Actually, nothing is secured very well here.


----------



## dreamer (Apr 17, 2011)

hey,just like to know is there an equip.ground bar.:001_huh:


----------



## TOOL_5150 (Aug 27, 2007)

Dierte said:


> I give bonus points for pretzeling the feeders.


thats not pretzeling... thats an un-tied underwriters knot.

~Matt


----------



## HARRY304E (Sep 15, 2010)

TOOL_5150 said:


> thats not pretzeling... thats an un-tied underwriters knot.
> 
> ~Matt


Thats so they can move the panel..:laughing:


Happy 5,000 Matt..:thumbup:


----------



## BCSparkyGirl (Aug 20, 2009)

again, not the worst, but I did throw up in my mouth just a little.


----------



## Magnettica (Jan 23, 2007)

Probably an out of work union guy showing the rest of us how it's done lmao.


----------



## TOOL_5150 (Aug 27, 2007)

HARRY304E said:


> Thats so they can move the panel..:laughing:
> 
> 
> Happy 5,000 Matt..:thumbup:


:drink::drink::rockon:

~Matt


----------



## Shockdoc (Mar 4, 2010)

I recall making a panel look like that once in the past, in a cops home.


----------



## Magnettica (Jan 23, 2007)

do plumbers deliberately seek out electrical panels so they can run their supply pipes over them? 

sure seems like it..

looks like the sump pump hole is right underneath it too. 

better you than me buddy lol..


----------



## Josue (Apr 25, 2010)

BIGRED said:


> This existing panel was on a job that I replaced the 100-amp cable and meter socket. There was no bonding screw in it and it is sloppy. The panel GFI is wired in 14 and was on a 20-amp breaker. There was a sticker on the cover from Mister S_____ , I don't know if they did it or not.


yes, very sloppy.

THat's nothin' compared to Mexican panels.
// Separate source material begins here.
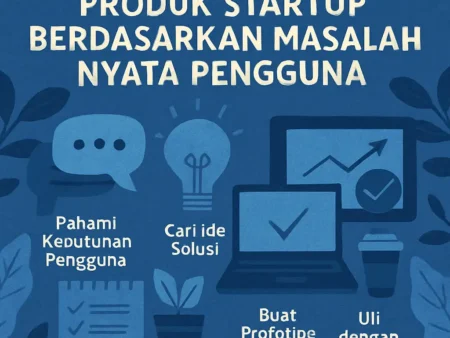 Tips Mengembangkan Produk Startup Berdasarkan Masalah Nyata Pengguna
As soon as I can I'll post a picture of a Mexican panel.:laughing:


----------



## MDShunk (Jan 7, 2007)

Josue said:


> yes, very sloppy.
> 
> THat's nothin' compared to Mexican panels.
> 
> As soon as I can I'll post a picture of a Mexican panel.:laughing:


I've seen a few. Guacamole smeared all over the place... tortilla scraps in the bottom. They're a tragedy.


----------



## user4818 (Jan 15, 2009)

I've seen some "Mexican" panels at tract home developments in California. They're a cut above what you would see south of the border, but not by much.


----------



## Josue (Apr 25, 2010)

MDShunk said:


> I've seen a few. Guacamole smeared all over the place... tortilla scraps in the bottom. They're a tragedy.
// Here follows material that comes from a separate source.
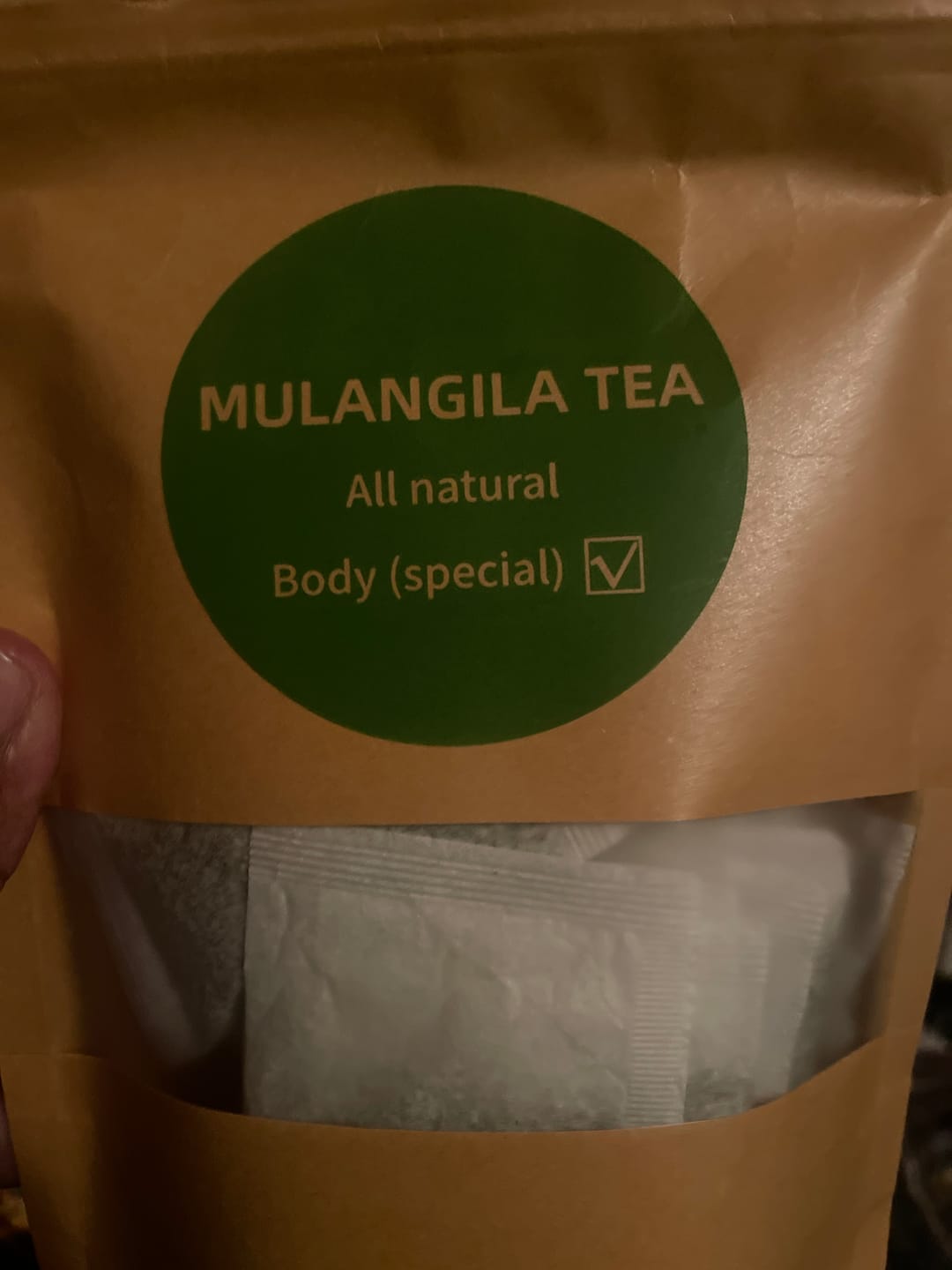 Customer photo review of RAPID WEIGHTLOSS  TEA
I don't know if you are using a figure of speech, but yes, they are utter garbage.

Some "electricians" will even screw up a 6 breaker panel.

WE are changing the panel over at my house. 
I'll go snap a pic of the old panel. 


WE are not putting a big panel because the house is rented. They land lord is a very good one. She bought the materials as long as we did the job for free. We agreed. 

You know how some of us are with our house projects, we sometimes leave them on stand-by. :laughing::laughing:


----------



## Josue (Apr 25, 2010)

Peter D said:


> I've seen some "Mexican" panels at tract home developments in California. They're a cut above what you would see south of the border, but not by much.


In the States.


You haven't seen Mexican panels in Mexico.


----------



## Chris1971 (Dec 27, 2010)

Josue said:


> In the States.
> 
> 
> You haven't seen Mexican panels in Mexico.


Can't wait to see a few pictures of Mexican panels.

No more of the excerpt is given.